Увольнение Джонатана Козола, молодого школьного учителя из Бостона, может служить убедительным примером того, как власти контролируют живое слово, Козол, автор книги «Ранняя смерть» о бостонской школьной системе, однажды прочел своим ученикам стихотворение Лэнгстона Хьюза «Баллада о домохозяине». В нем говорилось:

Домохозяин,

Моя крыша протекает,

Помните, я вам об этом говорил Еще на прошлой неделе?..

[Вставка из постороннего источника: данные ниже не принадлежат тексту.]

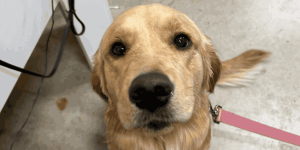 A close-up shot of a golden retriever puppy on a pink leash looking up at the camera, representing large-breed puppies that are susceptible to developmental conditions like panosteitis.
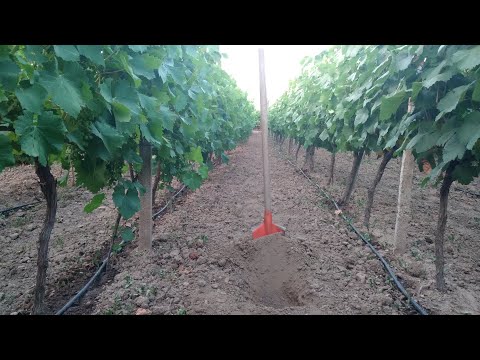 Do vines need to be watered?
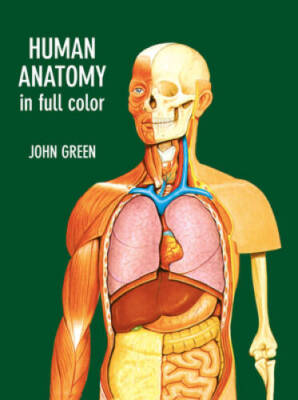 Human Anatomy in Full Color (Dover Children's Science Books) - VERY GOOD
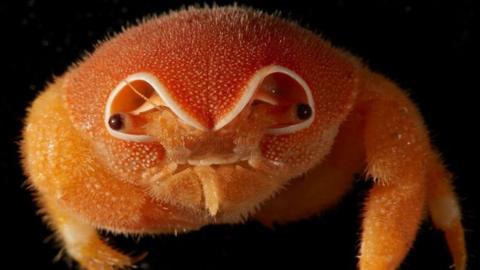 sponge crab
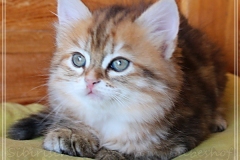 Betty-Williams-Liebeshof-black-golden-classic-torbie-8-Wochen-alt-Sibirische-Katze-golden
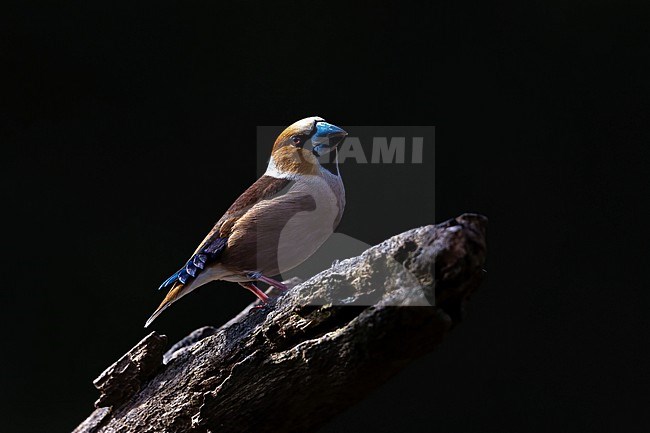 Perching Hawfinch in Low Key stock-image by Agami/Onno Wildschut,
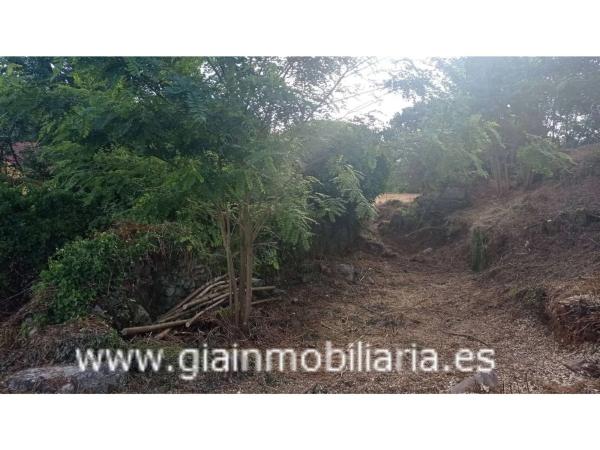 Terreno en Lugar a Ascension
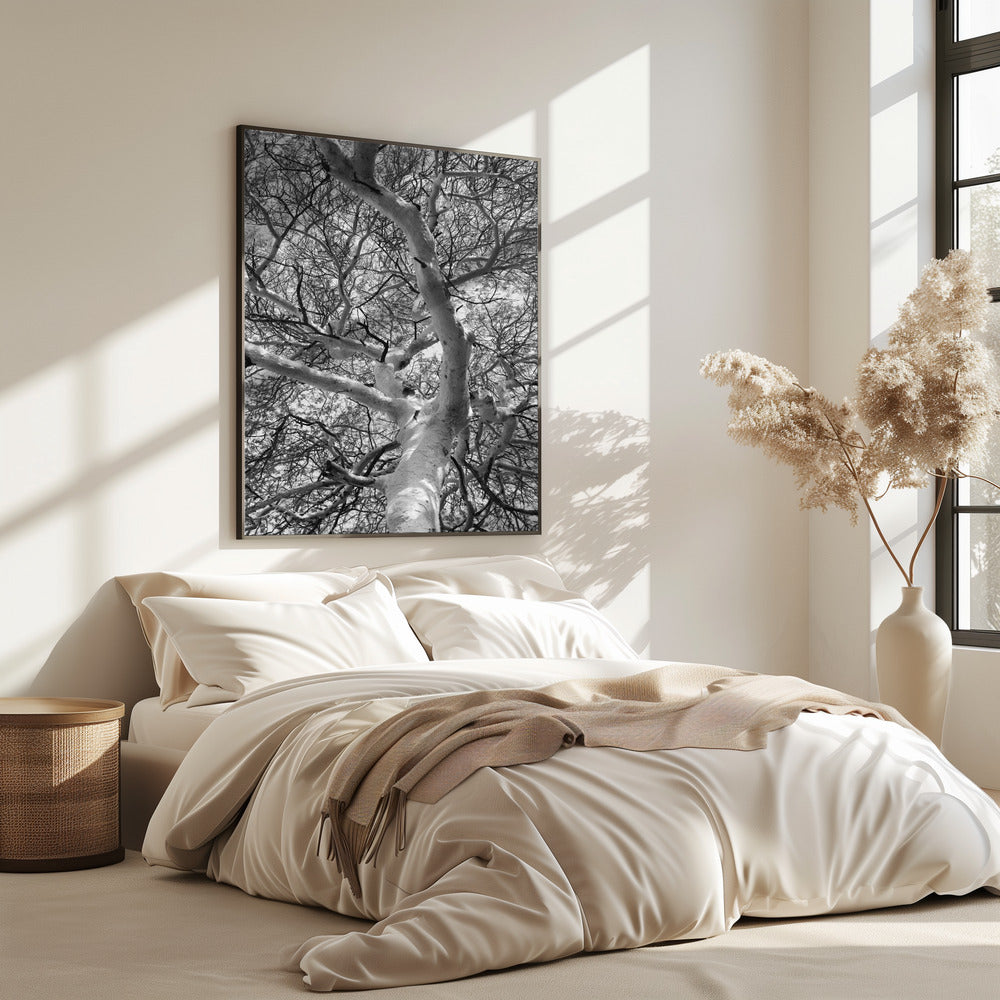 Silhouette Canopy | Poster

Десять долларов, говорите, я должен вам?

За мной десять долларов?

Так нет же, не отдам я их вам,

Пока не почините крышу…

Полиция! Полиция!

Скорей сюда, хватай этого человека!

Он замахивается на власть,

Он хочет устроить переворот…

Полицейский участок.

Камера за железной решеткой.

Заголовки в газете:

ЧЕЛОВЕК УГРОЖАЕТ ДОМОВЛАДЕЛЬЦУ

ЖИЛЬЦУ НЕЧЕМ УПЛАТИТЬ ЗАЛОГ

СУДЬЯ ЗАКЛЮЧАЕТ НЕГРА НА ТРИ МЕСЯЦА В ТЮРЬМУ

Козола уволили с работы постановлением школьного комитета, указавшего в своей докладной записке следующее: «Был установлен тот факт, что мистер Козол читал стихотворение «Баллада о домохозяине» своему классу, а потом раздал ученикам копии, отпечатанные на мимеографе, чтобы они выучили его дома наизусть».